* _Problem to solve_
The answer should be an exact repeat of the stretch of material below from the line containing "So just click" through the line containing "and when you".

::: Raw data

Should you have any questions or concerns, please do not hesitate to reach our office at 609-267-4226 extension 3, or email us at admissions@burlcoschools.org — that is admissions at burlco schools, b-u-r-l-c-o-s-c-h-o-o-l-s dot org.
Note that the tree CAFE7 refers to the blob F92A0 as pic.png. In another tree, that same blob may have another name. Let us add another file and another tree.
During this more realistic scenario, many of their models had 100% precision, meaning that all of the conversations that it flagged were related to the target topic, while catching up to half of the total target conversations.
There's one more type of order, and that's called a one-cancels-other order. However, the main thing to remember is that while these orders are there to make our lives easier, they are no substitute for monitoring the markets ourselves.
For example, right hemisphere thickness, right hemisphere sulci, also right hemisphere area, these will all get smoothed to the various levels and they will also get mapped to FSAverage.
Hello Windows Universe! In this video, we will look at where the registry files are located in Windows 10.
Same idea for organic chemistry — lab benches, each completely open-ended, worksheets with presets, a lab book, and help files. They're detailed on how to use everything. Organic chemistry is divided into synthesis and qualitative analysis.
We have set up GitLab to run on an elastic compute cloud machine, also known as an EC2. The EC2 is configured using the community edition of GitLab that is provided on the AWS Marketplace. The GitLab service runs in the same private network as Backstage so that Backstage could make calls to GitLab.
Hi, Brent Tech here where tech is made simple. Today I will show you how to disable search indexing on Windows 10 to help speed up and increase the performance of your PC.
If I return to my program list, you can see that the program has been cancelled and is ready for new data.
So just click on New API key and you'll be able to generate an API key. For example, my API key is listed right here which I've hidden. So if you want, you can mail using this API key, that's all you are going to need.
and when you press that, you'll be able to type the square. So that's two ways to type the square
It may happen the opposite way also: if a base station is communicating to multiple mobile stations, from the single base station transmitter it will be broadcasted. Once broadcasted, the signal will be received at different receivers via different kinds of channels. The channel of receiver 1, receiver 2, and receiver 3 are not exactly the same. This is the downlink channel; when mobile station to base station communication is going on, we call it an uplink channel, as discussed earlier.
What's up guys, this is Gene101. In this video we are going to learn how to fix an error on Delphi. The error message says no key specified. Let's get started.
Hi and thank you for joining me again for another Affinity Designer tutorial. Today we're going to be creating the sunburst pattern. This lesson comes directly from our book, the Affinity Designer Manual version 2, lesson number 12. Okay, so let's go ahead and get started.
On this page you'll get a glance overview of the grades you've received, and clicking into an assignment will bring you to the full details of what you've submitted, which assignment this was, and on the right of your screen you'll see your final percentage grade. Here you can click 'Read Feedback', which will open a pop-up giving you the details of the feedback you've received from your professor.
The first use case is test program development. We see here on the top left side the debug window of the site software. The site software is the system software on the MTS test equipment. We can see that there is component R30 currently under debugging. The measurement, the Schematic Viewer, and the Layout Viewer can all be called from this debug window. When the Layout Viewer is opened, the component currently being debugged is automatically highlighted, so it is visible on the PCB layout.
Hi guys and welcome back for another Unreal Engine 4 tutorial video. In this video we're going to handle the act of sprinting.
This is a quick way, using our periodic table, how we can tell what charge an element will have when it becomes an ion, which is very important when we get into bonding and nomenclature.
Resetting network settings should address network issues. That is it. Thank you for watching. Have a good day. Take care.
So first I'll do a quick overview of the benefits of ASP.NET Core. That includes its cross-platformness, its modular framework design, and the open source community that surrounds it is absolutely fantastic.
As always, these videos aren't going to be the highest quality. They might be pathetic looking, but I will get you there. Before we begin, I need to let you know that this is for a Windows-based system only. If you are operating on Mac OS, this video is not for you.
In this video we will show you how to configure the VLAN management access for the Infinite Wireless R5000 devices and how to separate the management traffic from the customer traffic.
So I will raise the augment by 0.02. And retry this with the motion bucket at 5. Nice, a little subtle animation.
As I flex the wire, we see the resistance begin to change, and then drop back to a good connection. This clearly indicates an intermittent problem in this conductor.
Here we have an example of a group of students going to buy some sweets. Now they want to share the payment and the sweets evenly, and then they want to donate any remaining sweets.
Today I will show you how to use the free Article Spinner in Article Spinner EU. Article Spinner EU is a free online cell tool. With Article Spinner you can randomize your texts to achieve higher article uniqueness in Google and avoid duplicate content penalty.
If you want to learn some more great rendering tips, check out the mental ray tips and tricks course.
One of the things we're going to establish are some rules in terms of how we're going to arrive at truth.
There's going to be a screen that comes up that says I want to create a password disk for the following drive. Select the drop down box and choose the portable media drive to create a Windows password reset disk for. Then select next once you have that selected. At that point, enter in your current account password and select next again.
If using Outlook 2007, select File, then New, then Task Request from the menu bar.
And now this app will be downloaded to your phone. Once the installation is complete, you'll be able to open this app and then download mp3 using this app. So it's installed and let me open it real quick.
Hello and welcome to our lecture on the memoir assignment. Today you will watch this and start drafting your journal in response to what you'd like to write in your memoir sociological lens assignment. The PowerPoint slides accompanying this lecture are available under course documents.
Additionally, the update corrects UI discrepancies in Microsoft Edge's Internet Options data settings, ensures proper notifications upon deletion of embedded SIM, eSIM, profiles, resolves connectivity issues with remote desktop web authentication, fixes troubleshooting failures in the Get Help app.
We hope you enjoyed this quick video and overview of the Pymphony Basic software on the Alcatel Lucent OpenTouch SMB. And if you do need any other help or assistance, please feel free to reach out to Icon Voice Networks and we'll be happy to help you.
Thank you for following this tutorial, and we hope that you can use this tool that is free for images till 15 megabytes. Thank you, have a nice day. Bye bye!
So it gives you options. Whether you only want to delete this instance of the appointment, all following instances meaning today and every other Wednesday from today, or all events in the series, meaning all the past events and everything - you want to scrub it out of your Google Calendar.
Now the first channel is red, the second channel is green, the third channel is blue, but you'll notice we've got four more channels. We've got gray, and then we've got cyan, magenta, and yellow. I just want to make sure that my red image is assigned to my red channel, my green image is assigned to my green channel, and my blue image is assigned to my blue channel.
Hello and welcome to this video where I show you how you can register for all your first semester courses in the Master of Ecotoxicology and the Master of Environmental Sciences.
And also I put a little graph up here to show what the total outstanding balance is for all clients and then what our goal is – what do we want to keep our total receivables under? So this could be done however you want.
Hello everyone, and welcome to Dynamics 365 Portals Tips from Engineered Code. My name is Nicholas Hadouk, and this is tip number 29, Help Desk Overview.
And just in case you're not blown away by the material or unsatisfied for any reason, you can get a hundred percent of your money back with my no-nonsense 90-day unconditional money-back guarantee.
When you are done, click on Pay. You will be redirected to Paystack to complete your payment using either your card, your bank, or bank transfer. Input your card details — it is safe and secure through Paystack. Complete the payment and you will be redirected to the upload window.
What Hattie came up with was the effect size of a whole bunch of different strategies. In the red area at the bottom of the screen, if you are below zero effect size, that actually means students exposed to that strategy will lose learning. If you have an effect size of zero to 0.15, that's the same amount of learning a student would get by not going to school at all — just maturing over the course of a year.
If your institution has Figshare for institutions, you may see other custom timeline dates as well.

::::::

* _Task output_
So just click on New API key and you'll be able to generate an API key. For example, my API key is listed right here which I've hidden. So if you want, you can mail using this API key, that's all you are going to need.
and when you press that, you'll be able to type the square. So that's two ways to type the square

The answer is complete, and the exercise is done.